In Predigten von Bischof Stefan Oster SDBkommentieren

Gründonnerstag 2017: Eucharistie und Fußwaschung von 12 Personen: Menschen mit Beeinträchtigungen und Menschen, die sich in der Ökumene engagieren (Bild: Kickinger)

Liebe Schwestern, liebe Brüder in Christus,

Jesus weiß, was kommt: Er weiß in seinem Herzen, dass sie ihn gefangen nehmen, foltern und grausam töten werden. Er weiß es. Er hat das System so dramatisch durcheinander gebracht, das System religiöser Strukturen und Gewissheiten, das System der Wissens- und Machtmonopole in der religiösen und politischen Gesellschaft, vor allem in Jerusalem.
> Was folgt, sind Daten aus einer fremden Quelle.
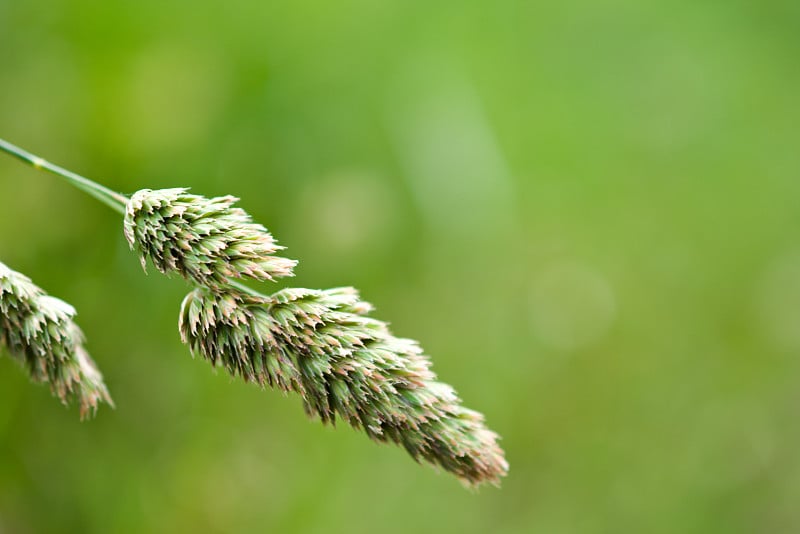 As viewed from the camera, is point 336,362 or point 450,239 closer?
point 336,362

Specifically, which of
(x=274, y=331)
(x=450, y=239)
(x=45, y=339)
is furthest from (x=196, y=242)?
(x=450, y=239)

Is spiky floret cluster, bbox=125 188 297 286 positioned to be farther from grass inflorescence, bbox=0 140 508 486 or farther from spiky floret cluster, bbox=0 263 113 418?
spiky floret cluster, bbox=0 263 113 418

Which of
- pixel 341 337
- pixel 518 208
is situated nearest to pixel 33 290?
pixel 341 337

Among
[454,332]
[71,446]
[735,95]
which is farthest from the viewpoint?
[735,95]

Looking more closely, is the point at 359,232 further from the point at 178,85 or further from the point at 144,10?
the point at 144,10

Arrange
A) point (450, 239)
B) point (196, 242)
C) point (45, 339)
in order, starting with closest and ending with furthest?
1. point (196, 242)
2. point (45, 339)
3. point (450, 239)

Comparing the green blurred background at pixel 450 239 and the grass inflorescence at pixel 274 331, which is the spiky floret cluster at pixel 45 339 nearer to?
→ the grass inflorescence at pixel 274 331

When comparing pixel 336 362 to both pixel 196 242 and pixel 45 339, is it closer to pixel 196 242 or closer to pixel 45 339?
pixel 196 242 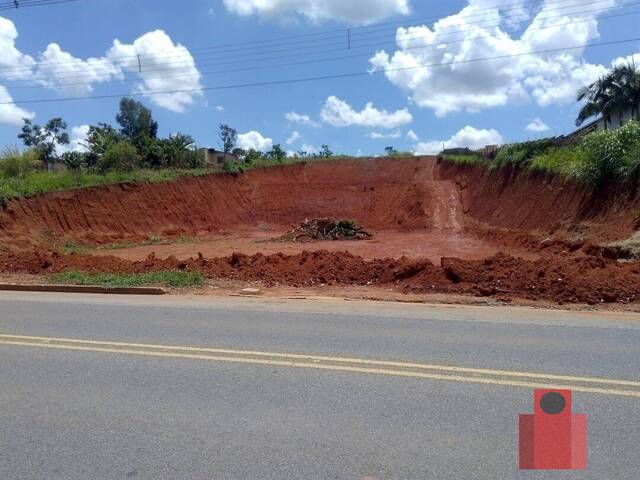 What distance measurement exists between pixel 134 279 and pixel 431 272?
740 cm

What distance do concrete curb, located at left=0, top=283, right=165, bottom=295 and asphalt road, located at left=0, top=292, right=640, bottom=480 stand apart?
393cm

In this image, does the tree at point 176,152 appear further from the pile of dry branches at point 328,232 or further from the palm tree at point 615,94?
the palm tree at point 615,94

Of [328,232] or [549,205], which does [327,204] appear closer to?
[328,232]

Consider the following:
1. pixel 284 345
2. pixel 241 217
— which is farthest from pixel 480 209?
pixel 284 345

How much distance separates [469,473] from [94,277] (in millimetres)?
12854

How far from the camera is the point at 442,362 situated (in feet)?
19.4

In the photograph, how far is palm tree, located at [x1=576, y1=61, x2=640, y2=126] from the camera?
41.5m

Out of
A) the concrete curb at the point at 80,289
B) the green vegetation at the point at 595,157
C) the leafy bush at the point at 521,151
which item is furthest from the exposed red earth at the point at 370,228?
the concrete curb at the point at 80,289

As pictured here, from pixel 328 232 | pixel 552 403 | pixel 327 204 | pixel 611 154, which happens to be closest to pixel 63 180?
pixel 328 232

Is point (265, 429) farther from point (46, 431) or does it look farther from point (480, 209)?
point (480, 209)

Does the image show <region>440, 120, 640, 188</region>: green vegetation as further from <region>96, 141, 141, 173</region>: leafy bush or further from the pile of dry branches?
<region>96, 141, 141, 173</region>: leafy bush

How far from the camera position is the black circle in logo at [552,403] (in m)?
4.30

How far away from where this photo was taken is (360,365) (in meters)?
5.82

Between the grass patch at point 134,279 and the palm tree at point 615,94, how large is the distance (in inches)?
1557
Er hat ein Herz voll glühender Liebe, die tiefer reicht als alles, was vorher in der Welt da war. Eine Liebe, die vom Vater kommt, der ganz in ihm gegenwärtig ist, eine Liebe, die ihn zugleich hellsichtig erkennen lässt, wie es wirklich um die Herzen der Menschen bestellt ist.

 Grausame Konfrontation

Und Jesus wird zutiefst von innen her geahnt haben, dass es auf eine letzte, auf eine grausame Konfrontation zuläuft. Da ist auf der einen Seite der Drang nach Systemerhalt, nach Machterhalt und nach Selbsterhalt des Einzelnen – auch des religiösen Menschen von damals. Und da ist andererseits seine Gegenwart, die Gegenwart Jesu und seiner Verkündigung. Er sieht, wie notwendig die Menschenherzen es haben, wirklich der Gegenwart des Vaters zu vertrauen, ihn wirklich lieben zu lernen, hineinzufinden in die Versöhnung mit Gott. Mit einem Gott, den Jesus immer nur als Vater kennt und nennt und liebt. Eine Rede, die in den Ohren der damaligen Gläubigen wie Gotteslästerung klingen musste.  Oder wie nur romantische aber bodenlose Emotion; oder wie etwas, das vielen von ihnen völlig fremd war, unverständlich, jenseits ihrer Erfahrung.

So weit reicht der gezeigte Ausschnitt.